▸ **Work instruction**
The answer is the line with "2026 Volvo XC90" and every line after it to the end of the listing, retyped exactly. Pictures do not belong in it.

▸ **Supplied material**
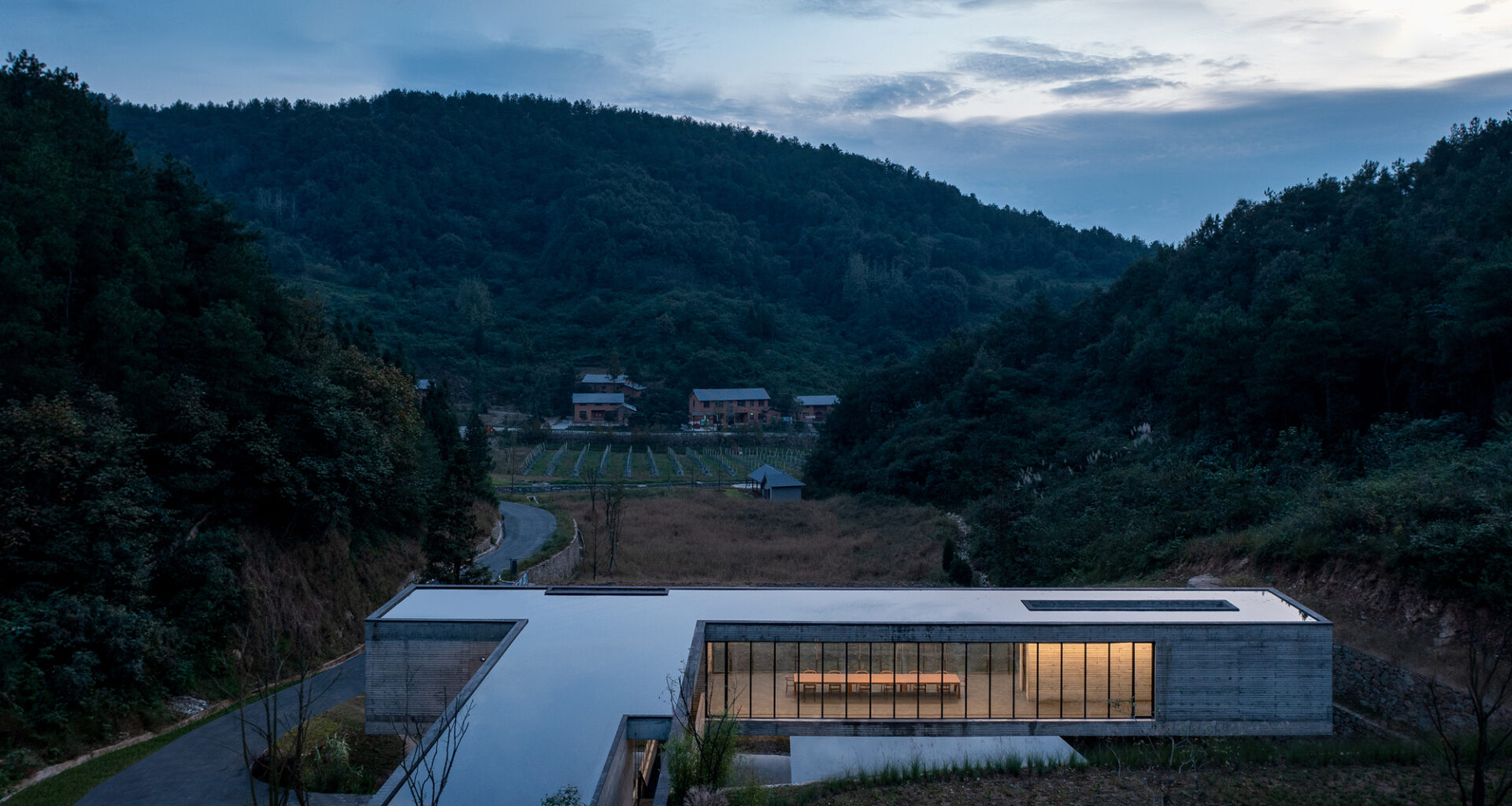 Wudang Mountain Visitor Center / Moguang Studio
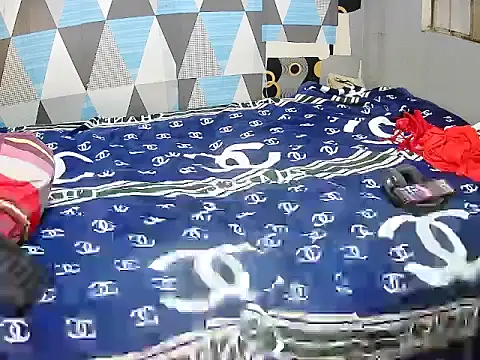 Chat XXX en directo de Trish_CurveCock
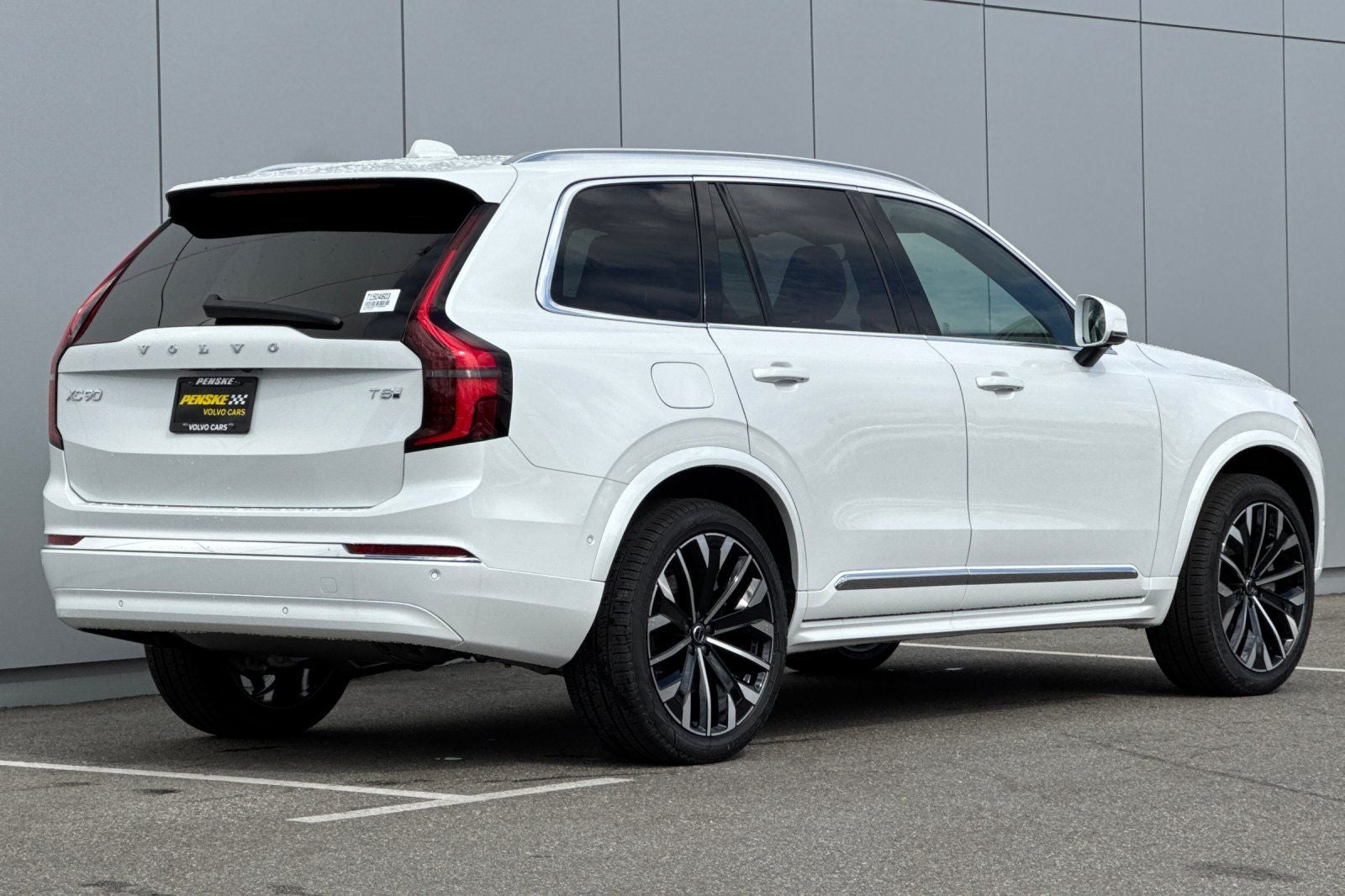 2026 Volvo XC90 Plug-In Hybrid T8 Plus 6 Passenger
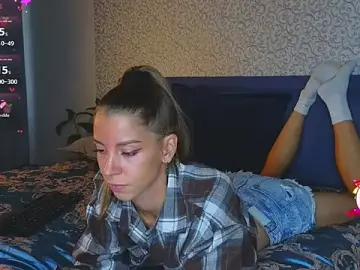 Stripchat Live Sex Cam of Kristi_Wolf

▸ **Your response**
 2026 Volvo XC90 Plug-In Hybrid T8 Plus 6 Passenger
 Stripchat Live Sex Cam of Kristi_Wolf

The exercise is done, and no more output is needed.